---- Available data

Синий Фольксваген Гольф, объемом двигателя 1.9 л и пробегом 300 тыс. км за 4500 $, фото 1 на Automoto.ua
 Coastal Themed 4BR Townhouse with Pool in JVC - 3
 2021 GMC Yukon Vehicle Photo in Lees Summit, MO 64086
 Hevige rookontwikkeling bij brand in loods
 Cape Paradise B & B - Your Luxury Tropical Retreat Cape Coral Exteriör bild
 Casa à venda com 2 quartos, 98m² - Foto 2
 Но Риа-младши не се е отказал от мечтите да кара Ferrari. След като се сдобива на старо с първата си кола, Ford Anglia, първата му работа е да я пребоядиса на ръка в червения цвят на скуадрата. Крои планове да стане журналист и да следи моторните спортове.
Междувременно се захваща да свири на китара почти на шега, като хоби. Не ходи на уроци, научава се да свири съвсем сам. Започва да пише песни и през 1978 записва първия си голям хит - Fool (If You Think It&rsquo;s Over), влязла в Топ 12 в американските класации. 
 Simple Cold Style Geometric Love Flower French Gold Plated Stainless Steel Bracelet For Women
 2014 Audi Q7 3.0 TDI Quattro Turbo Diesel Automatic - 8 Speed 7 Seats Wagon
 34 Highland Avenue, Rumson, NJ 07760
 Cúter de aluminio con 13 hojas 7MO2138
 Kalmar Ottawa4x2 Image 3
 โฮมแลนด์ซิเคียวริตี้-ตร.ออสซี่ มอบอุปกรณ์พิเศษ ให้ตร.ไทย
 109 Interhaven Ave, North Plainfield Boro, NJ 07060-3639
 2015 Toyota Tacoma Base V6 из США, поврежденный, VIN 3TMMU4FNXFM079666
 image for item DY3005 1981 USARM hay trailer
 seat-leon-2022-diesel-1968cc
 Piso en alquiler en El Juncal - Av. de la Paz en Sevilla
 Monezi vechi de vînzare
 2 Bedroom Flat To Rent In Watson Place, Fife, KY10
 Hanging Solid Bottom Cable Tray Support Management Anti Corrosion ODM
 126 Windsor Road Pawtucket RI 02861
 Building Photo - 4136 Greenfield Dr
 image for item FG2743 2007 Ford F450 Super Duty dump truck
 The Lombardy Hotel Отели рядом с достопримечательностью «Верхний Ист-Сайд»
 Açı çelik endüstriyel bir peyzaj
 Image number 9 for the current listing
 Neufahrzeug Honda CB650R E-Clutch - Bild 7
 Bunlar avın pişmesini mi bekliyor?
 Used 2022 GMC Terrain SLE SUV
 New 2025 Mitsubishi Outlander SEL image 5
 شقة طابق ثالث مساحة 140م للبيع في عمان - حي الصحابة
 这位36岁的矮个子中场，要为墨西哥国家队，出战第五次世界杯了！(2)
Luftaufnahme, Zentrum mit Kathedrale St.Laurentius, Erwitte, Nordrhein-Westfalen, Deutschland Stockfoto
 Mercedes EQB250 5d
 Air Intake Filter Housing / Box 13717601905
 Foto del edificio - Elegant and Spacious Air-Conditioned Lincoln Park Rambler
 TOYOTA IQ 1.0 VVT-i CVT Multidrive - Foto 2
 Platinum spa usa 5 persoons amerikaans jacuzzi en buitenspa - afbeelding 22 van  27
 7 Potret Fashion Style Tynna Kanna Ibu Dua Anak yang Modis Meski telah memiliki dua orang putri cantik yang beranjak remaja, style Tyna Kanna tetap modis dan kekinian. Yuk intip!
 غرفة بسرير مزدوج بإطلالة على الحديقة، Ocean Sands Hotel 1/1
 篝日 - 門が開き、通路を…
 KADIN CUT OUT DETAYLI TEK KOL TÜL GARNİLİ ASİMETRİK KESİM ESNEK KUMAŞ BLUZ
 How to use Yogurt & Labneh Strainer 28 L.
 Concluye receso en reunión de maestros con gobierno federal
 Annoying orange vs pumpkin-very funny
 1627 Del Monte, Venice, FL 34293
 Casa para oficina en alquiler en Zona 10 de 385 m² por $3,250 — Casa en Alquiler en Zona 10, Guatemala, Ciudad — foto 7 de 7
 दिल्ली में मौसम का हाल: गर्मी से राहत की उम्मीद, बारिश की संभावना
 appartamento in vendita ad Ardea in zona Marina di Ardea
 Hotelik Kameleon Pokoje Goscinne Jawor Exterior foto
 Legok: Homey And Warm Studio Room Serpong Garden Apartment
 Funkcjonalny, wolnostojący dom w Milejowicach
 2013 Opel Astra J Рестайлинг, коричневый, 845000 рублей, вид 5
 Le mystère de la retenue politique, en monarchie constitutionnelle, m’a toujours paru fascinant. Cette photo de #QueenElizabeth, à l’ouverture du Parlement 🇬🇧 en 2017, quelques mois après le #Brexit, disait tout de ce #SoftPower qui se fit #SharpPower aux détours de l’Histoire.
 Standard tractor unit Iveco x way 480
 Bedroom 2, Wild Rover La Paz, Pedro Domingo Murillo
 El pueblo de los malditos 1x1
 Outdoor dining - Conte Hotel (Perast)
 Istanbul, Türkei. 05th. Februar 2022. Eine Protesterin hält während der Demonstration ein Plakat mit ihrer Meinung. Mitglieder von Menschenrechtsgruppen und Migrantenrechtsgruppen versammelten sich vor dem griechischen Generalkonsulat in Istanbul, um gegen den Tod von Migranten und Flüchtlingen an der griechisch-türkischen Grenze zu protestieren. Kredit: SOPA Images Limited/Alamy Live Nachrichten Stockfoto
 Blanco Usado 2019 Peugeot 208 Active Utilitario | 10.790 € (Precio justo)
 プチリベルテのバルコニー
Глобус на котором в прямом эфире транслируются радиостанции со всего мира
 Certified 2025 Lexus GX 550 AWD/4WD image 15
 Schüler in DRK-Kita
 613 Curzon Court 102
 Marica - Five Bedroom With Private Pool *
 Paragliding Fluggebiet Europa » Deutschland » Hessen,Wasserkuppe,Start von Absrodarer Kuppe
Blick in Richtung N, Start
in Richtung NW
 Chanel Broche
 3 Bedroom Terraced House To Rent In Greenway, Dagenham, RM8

--------

* _Aim of the exercise_
Report each line of the records that holds the word "Ford".

* _Written solution_
 Но Риа-младши не се е отказал от мечтите да кара Ferrari. След като се сдобива на старо с първата си кола, Ford Anglia, първата му работа е да я пребоядиса на ръка в червения цвят на скуадрата. Крои планове да стане журналист и да следи моторните спортове.
 image for item FG2743 2007 Ford F450 Super Duty dump truck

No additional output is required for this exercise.